Thinking about you dead made me very sad and that caught me off guard. I remember (two summers ago, when we first decided to really not talk to each other ever again) I would bike home from work late at night. I'd be biking up a really steep hill to get on the Queensboro Bridge and I'd think about you as a character in my brain that I liked to torture so as to take my mind off of how awful it was to bike that hill. I'd imagine all the things I could say and I'd scream them at you in my brain. I'd hurl insults and create terrifically embarrassing scenarios to put you in and I'd watch, in my imagination, as you were peed on by a goat and then kicked in the nuts. Or, I'd wistfully place you in a moment when you somehow ran in to me on the street after I started dating Justin Timberlake and I'd pretend I didn't see you and you'd look so downtrodden that the paparazzi following us would notice and then do a very embarrassing interview with you right there on the street, and as they do it a pigeon would shit on your face.

You know, that kinda' thing, it'd help me bike up the hill.

Thinking about you being dead today was not fun. Not at all. Even though you're in another phase of your life and we don't talk anymore and I'm very happily not married to you; I still wish you health and safety. I wish you happiness and fulfillment. I wish you the life you want to live.

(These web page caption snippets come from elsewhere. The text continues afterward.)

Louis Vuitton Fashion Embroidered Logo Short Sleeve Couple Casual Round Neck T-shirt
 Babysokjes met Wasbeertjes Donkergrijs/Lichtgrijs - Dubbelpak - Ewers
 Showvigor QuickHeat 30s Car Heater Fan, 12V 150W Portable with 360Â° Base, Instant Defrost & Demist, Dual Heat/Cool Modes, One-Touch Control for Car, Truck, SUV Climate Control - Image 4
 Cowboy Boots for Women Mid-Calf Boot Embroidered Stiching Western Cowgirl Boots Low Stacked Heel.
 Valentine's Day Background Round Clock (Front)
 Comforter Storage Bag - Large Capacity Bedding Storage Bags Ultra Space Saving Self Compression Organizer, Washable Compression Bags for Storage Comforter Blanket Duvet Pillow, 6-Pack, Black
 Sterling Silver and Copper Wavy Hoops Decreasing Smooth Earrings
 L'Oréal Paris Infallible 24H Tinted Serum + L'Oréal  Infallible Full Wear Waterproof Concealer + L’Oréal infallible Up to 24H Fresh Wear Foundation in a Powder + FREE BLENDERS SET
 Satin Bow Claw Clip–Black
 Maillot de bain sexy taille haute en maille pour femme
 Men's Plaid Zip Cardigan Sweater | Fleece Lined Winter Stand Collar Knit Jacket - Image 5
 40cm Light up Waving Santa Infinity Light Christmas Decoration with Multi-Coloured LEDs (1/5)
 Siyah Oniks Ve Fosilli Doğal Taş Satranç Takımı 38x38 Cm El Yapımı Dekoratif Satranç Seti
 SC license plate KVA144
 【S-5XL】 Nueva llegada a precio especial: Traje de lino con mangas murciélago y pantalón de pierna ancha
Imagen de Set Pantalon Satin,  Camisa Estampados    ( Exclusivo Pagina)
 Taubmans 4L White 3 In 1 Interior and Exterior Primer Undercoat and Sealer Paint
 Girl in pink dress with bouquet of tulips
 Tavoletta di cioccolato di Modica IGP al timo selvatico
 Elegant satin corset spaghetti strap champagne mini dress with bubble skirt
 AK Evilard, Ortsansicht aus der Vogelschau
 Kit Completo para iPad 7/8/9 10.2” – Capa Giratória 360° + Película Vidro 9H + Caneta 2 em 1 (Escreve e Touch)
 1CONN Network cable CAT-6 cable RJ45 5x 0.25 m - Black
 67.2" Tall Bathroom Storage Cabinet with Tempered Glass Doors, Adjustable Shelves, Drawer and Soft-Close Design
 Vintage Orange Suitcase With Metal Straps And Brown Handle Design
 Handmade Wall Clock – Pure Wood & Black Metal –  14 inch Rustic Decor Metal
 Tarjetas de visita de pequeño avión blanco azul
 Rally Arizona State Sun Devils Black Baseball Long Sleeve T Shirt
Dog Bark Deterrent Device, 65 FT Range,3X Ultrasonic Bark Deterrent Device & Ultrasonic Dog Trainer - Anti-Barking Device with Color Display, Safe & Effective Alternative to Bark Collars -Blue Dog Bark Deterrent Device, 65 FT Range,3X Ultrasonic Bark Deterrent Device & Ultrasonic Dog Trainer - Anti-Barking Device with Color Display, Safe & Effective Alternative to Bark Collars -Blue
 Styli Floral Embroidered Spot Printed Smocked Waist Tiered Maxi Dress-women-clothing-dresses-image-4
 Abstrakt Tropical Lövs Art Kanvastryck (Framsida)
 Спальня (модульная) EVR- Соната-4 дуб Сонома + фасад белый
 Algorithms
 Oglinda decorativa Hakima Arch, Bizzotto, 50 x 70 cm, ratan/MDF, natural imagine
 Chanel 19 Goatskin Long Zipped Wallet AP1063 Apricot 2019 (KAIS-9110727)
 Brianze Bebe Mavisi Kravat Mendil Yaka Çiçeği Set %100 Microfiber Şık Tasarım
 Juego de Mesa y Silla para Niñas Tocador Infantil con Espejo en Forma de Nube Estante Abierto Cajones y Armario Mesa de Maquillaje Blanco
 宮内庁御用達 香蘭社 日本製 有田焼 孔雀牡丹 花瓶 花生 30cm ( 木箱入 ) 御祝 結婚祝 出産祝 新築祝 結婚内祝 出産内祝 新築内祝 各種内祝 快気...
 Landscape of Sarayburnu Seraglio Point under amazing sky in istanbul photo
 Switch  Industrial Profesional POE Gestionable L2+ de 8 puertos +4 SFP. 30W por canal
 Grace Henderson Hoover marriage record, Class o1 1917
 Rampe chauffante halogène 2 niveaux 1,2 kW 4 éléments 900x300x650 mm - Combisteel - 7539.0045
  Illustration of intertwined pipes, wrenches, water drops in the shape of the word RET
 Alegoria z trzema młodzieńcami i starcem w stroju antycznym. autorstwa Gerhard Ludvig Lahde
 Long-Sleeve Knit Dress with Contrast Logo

Isn't it funny how death can make us all the same? Like, in war times, when one is in the trenches, it really doesn't matter who has more money or fame or a happy family life, we can all die just like the next guy. And death is a means of measuring how much a person can really mean, can't it? Death can make a memory of someone precious, when before, when that person was alive, that memory was never really recalled or treasured.

So, I guess, what I'm trying to say is: I really care about you, even after all of the horrifically awful heartbreaks we put ourselves through. I mean, I'm glad we're not together, but there is still a place in my heart that loves you and wishes you all the best.

I'm really glad you're not dead.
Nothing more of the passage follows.